Suresh Ramasubramanian ops.lists at gmail.com
Thu Feb 26 03:44:56 UTC 2009


On Thu, Feb 26, 2009 at 8:59 AM, Barry Shein <bzs at world.std.com> wrote:
> We get a steady stream of "spam" complaints from the AOL feedback loop
> which is virtually all either (we assume) unsubscriptions from
> legitimate mailing lists or random misfires, "it was nice seeing you
> and dad last week" From joe blow, To susie blow, which just probably
> isn't spam.

It depends. What WE get from the AOL fbl is by and large actual spam
sent by our users.  Yes there's a non trivial amount of misreported
legit email but when you get near real time notification of actual
spam too, that's incredibly useful.  ARF - in which aol (and our)
loops are sent is designed to be automatically parsed.  So, go right
ahead. Run the stuff through (say) SA and see what you come up with,
besides running counts / numbers, user X signed up just a coupla days
back and see, he's already got a couple of hundred complaints from
AOL, Comcast, etc.

> Why should my staff and I spend valuable time subsidizing your
> business model? Hire more people if you feel overloaded, but don't
> pass the workload off on others, particularly others in the biz, we
> have workloads too.

Well... If you think theres no value in the AOL or other feedback
loops and your network is clean enough without that, well then, dont
sign up to it and then bitch when all you get for your boutique
network with users who are by and large fellow geeks doesnt generate
any actual spam at all.

On the other hand, for SPs that actually have real userbases to
contend with, and on far larger scales than theworld has .. well,
they'd certainly find it a lot more useful.
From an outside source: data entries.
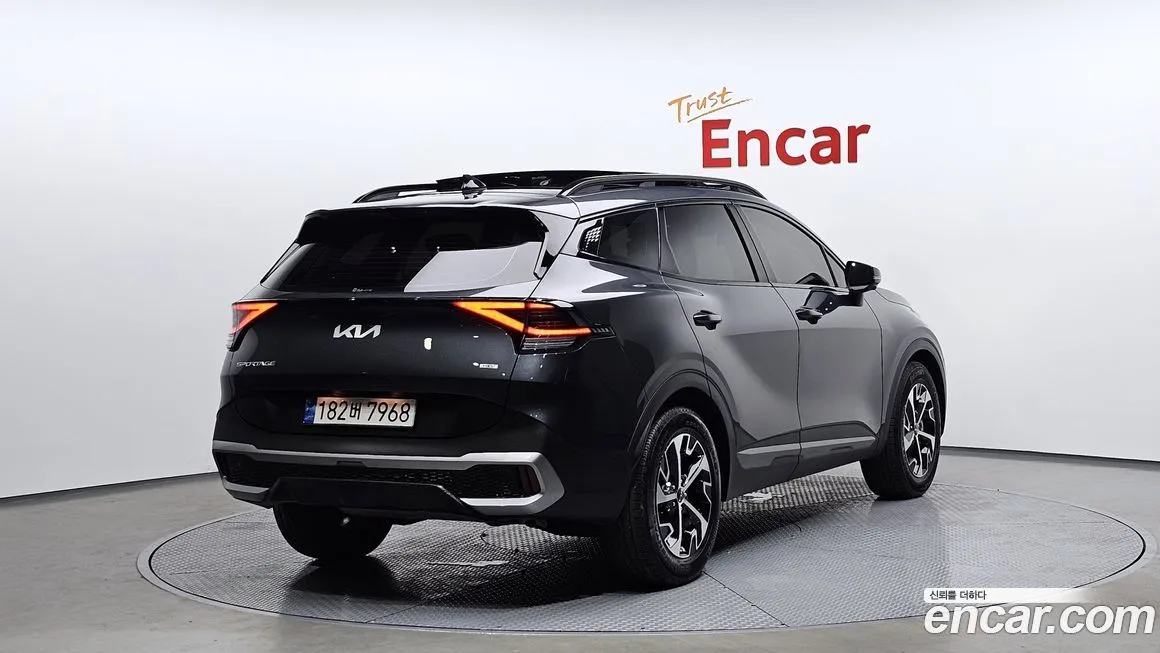Kia Sportage — фото 2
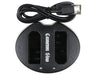 Nikon Coolpix S5 Coolpix S50 Coolpix S50C Coolpix S51 Coolpix S6 Coolpix S7 Coolpix S7c Replacement Camera Battery Charger-5
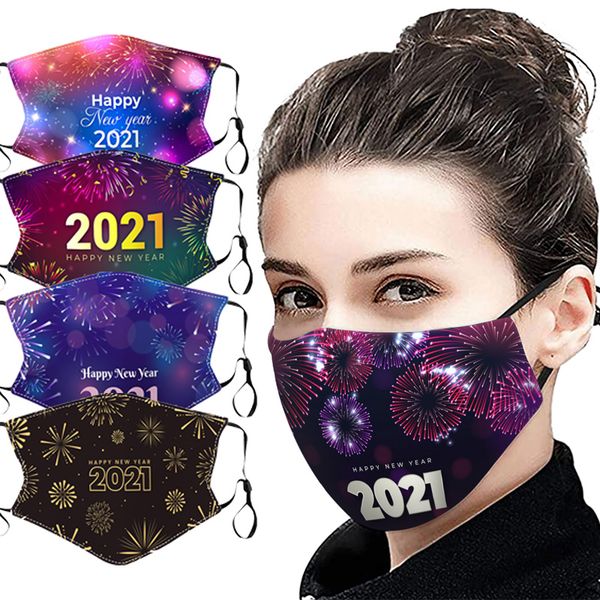 2021 new designer new yesars fashion face mask print colorful firworks 2021 man woman masks dust pm2.5 reusable adjustable mask
2021 new designer new yesars fashion face mask print colorful firworks 2021 man woman masks dust pm2.5 reusable adjustable mask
> I was suggesting a simple improvement which would help: Don't send it
> as a spam report unless you get two or more complaints about the same
> msg/source within a short time period.

Well .. set limits and you'll have spammers who work around those
limits. Its a catch 22.  Spammers have an almost infinite capacity to
scale horizontally, you'll find.

> I didn't say a word about any of this...

It was a meta comment to the rest of this rather uninformed thread,
but anyway ..

> Well, this is all nice, I'm sorry you entirely missed my rather simple
> and straightforward suggestion, but whatever.

Saw it. Dismissed it as impractical.